6. Conceptual relations and distinctions

The three usages of TensorPool share a tensor emphasis but operate at different levels of abstraction. The AI-native RAN TensorPool is a domain-specialized many-core processor with 256 PEs + 16 TEs, intended for on-premises AI-RAN inference (channel estimation, beamforming, MIMO detection, etc.) and designed around high-throughput tensor computations dominating AI-Native PHYs (Bertuletti et al., 2 Apr 2026). The action-recognition TensorPool is a descriptor construction that aggregates second- and higher-order statistics and applies attention and EPN to mitigate burstiness (Wang et al., 2021).
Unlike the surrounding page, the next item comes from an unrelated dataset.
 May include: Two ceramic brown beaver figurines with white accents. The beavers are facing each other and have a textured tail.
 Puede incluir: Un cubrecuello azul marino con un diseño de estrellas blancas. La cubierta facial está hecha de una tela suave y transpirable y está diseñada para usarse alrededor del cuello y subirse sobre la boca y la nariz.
The GNN TensorPool is a rank-controlled multilinear pooling layer that uses symmetric CP decomposition to model high-order non-linear node interactions while remaining permutation-invariant (Hua et al., 2022).

A common misconception is that these are variants of the same algorithm. The cited literature does not support that interpretation. Instead, the shared name spans three separate technical objects: a processor, a video descriptor pipeline, and a GNN layer. Their commonality lies in using tensor structure as the central design axis—compute specialization in one case, high-order statistical pooling in another, and multilinear invariant aggregation in the third.

Taken together, these works show that “TensorPool” has been attached to tensor-centric solutions for three different bottlenecks: sub-ms, power-constrained AI-native PHY execution; burstiness-aware high-order video representation; and expressive permutation-invariant graph aggregation. This suggests that the name functions more as a descriptor of tensor-oriented pooling or execution than as a single canonical method.